# Aim of the exercise:
An exact copy is needed of the lines from the one that contains "Publicist - Powerful" through the final line of the data below, with pictures left out.

# Supplied data:
§ §

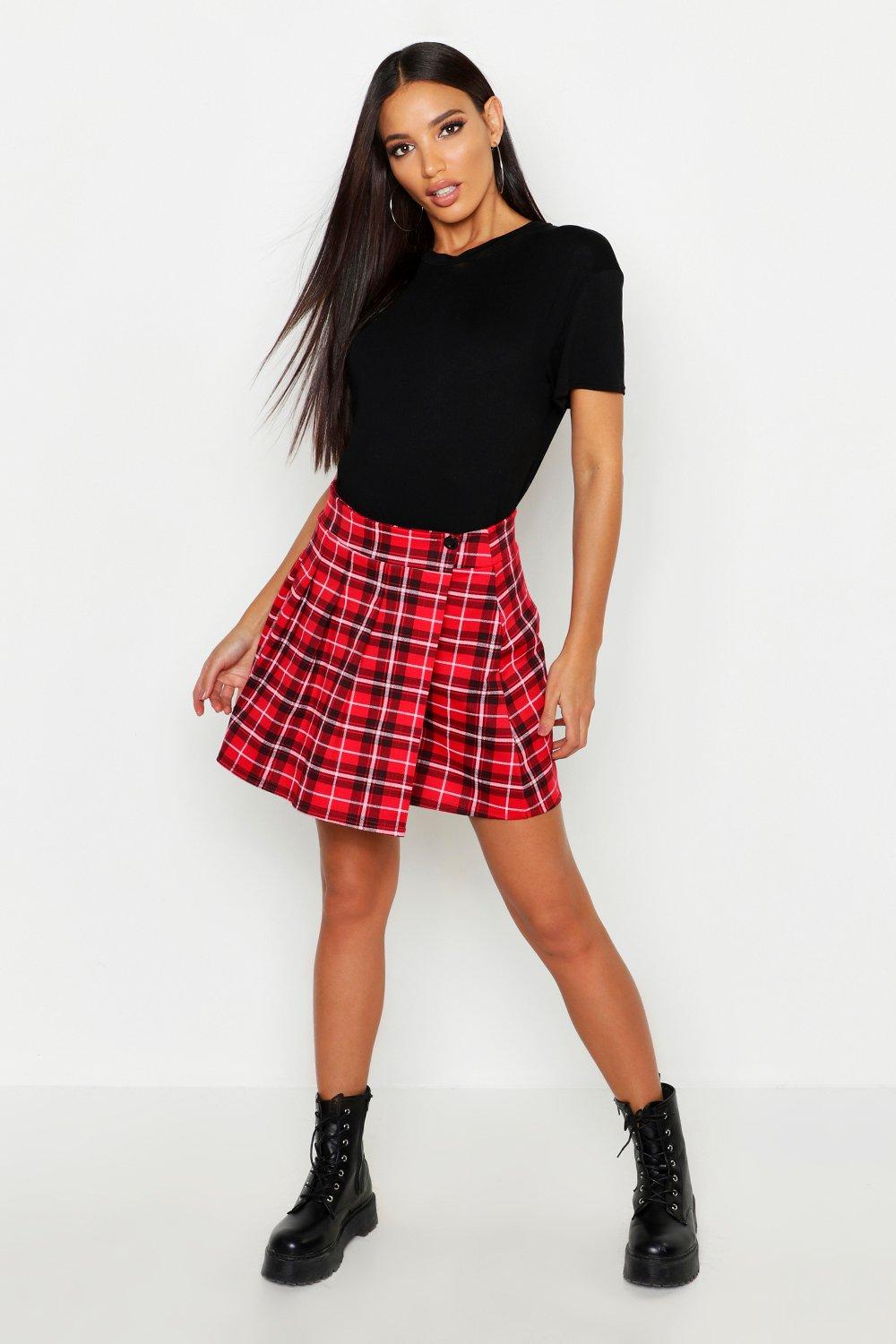 Plaid mini skirt boohoo sale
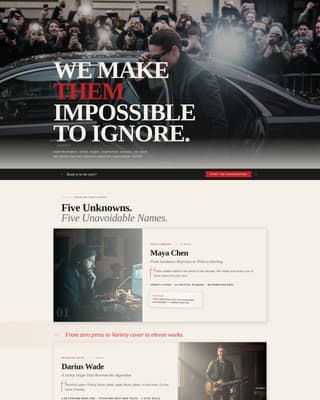 Publicist - Powerful Entertainment PR Landing Page Template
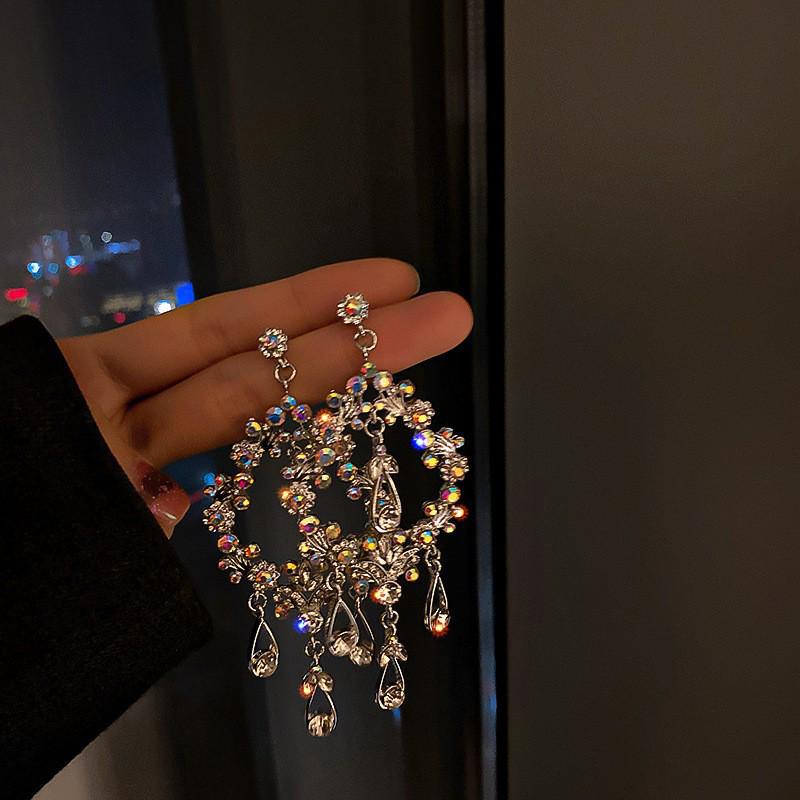 Diamond Inlaid Tassel Earrings - Silver Needle, High-End Court Style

§ §

# Result for this exercise:
 Publicist - Powerful Entertainment PR Landing Page Template
 Diamond Inlaid Tassel Earrings - Silver Needle, High-End Court Style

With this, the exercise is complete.